### Collection entries
--- START ---
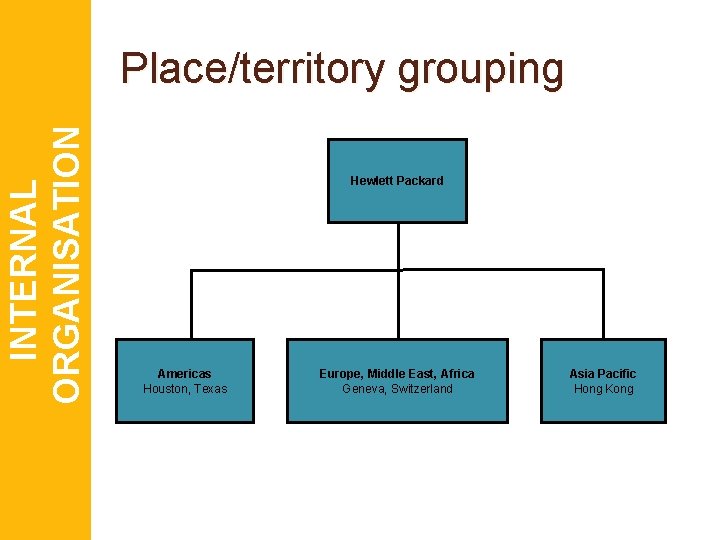 INTERNAL ORGANISATION Place/territory grouping Hewlett Packard Americas Houston, Texas Europe, Middle East, Africa Geneva,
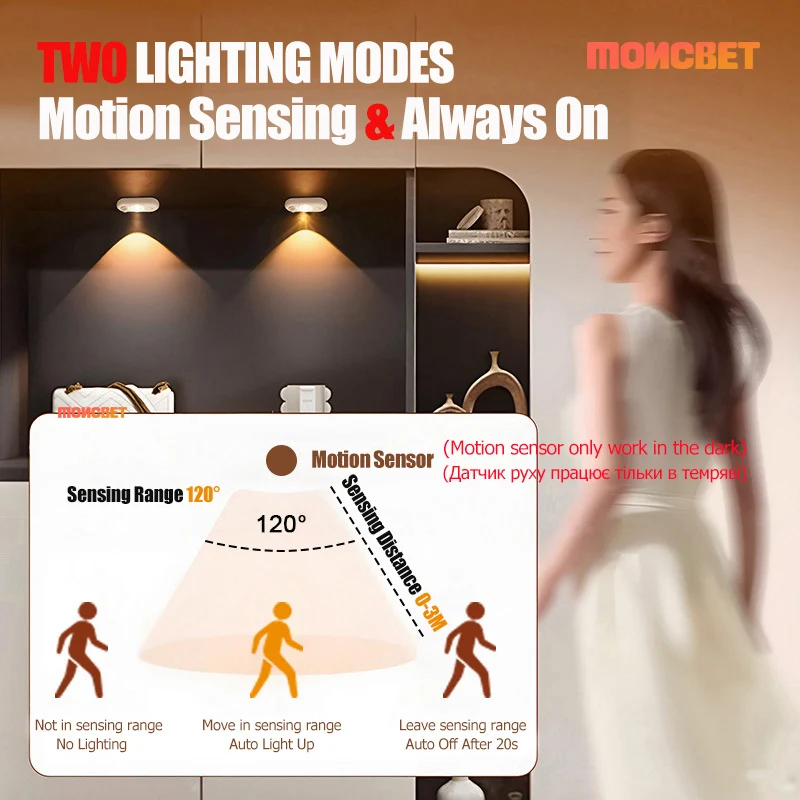 Magnetic Rechargeable Wireless LED Motion Sensor Night Light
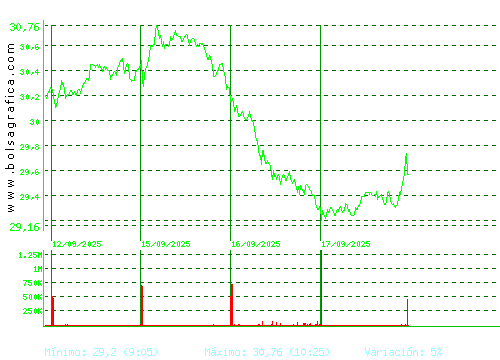 CELLNEX. Pulsa para 6 meses
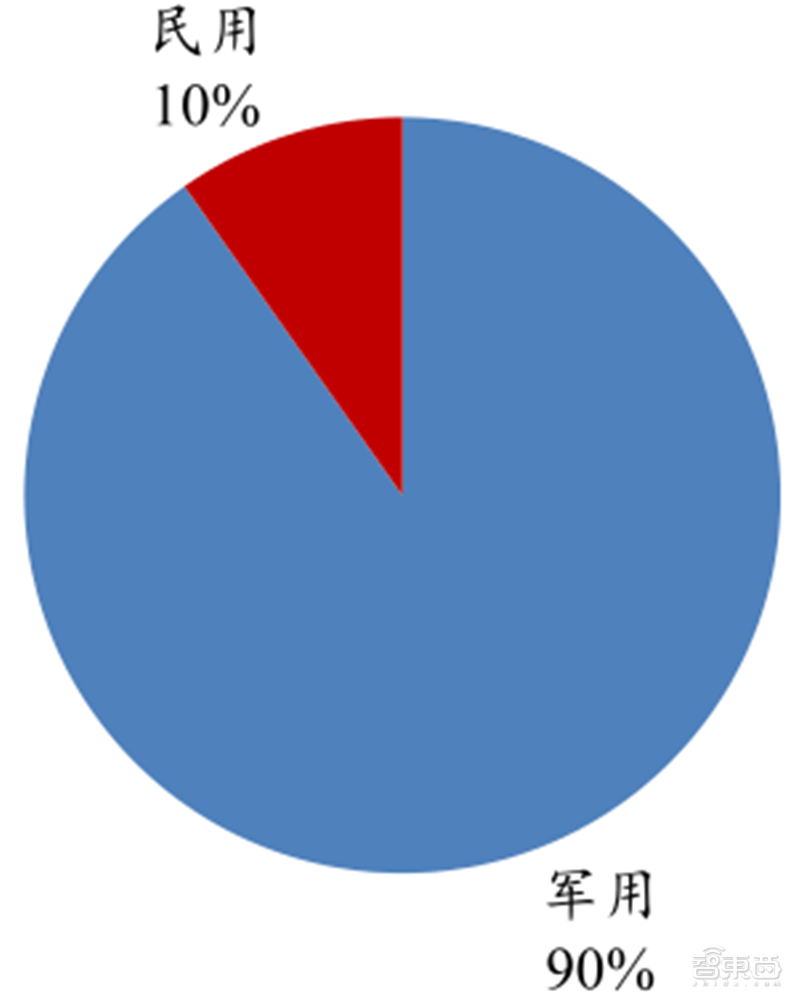 從零起步到趕日超美，韓國如何制霸全球存儲27年？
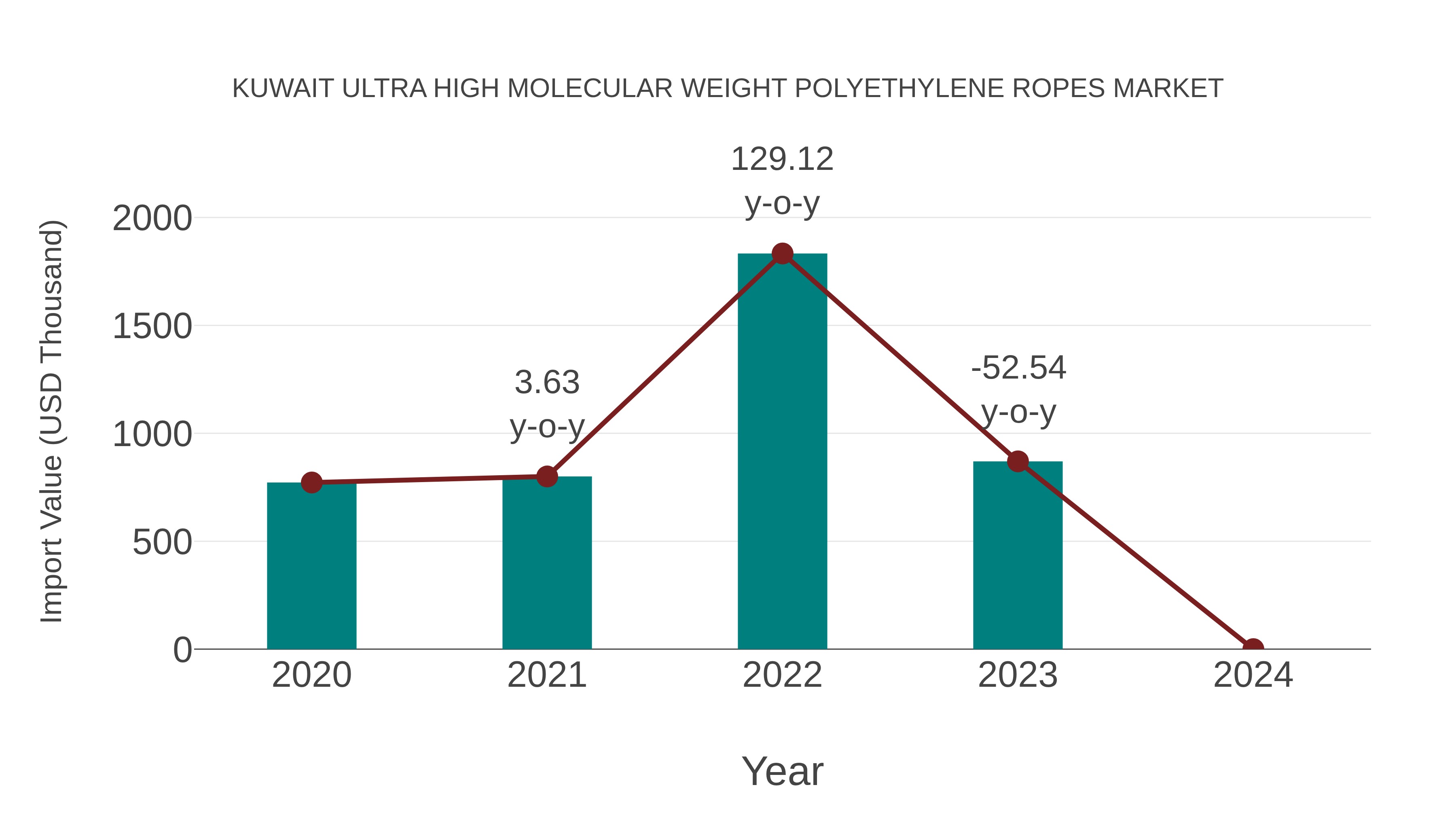  Kuwait Ultra High Molecular Weight Polyethylene Ropes Market: Import Trend Analysis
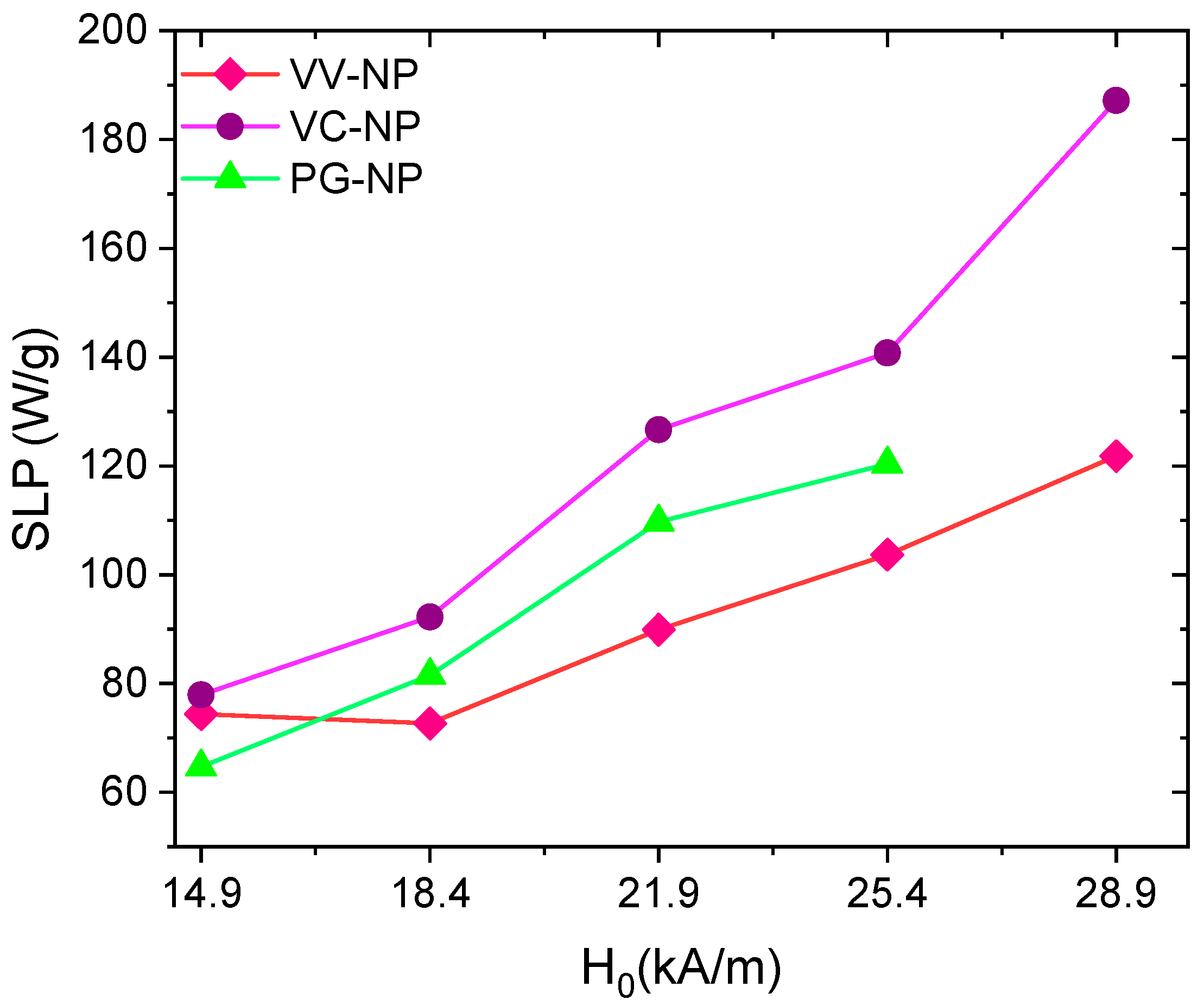 Nanomaterials 13 02450 g009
--- END ---
### YOUR OBJECTIVE
Repeat word for word, and nothing more, the lines between the line containing "Kuwait Ultra High" and the last line of the records above, inclusive, without pictures.

### RESPONSE TO THE TASK
  Kuwait Ultra High Molecular Weight Polyethylene Ropes Market: Import Trend Analysis
 Nanomaterials 13 02450 g009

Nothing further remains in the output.